Presented at the 5th Inter-University Graduate Student Conference at Cornell Law School, March 2009.


The health of the economy and the effectiveness of monetary policy depend on a sound financial system. A smoothly functioning banking supervision regime is one of the cornerstones of any financial system. Only a stable financial system, which is one of the key aims of state regulation and oversight, can optimally fulfill its macroeconomic function of efficient and low-cost transformation and provision of financial resources. A global financial meltdown will affect the livelihoods of almost everyone in an increasingly inter-connected world. The primary goals of supervision and regulations include protecting depositors' funds, maintaining a stable monetary system, promoting an efficient and competitive banking system and protecting consumer rights related to banking relationships and transactions.

Weakness in the banking system of a country, whether developing or developed, can threaten financial stability both within that country and internationally. The need to improve the strength of financial systems has attracted growing international concern. It is clear that instability in systemically significant countries can spill over to other countries, either on a regional level or globally.

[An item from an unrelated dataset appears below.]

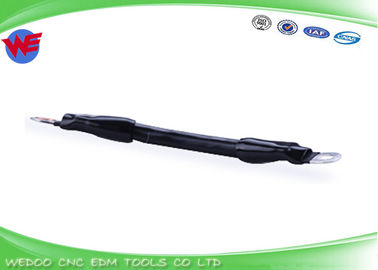 4130966 Kabel rozładowujący na blokie do maszyny SODICK EDM 100mmL 4131268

There is a great deal of uncertainty around the nature of risks in the markets as well as many external risks, the adequacy of risk and what might trigger the next stress scenario. There is a lot that banks and supervisors can do in practice to better prepare for the inevitable next downturn. Banks and supervisors can focus their efforts on strengthening risk management in areas that presents the greatest vulnerabilities to the deteriorating market liquidity scenario, as well as on those risks that are not well addressed using more traditional risk metrics. Moreover, there is significant value in the industry and supervisors sharing insights on issues and concerns around this type of a scenario. Finally, Basel II provides a structured framework for discussing some of the new risks we are seeing and creating incentives to better measure and manage those risks.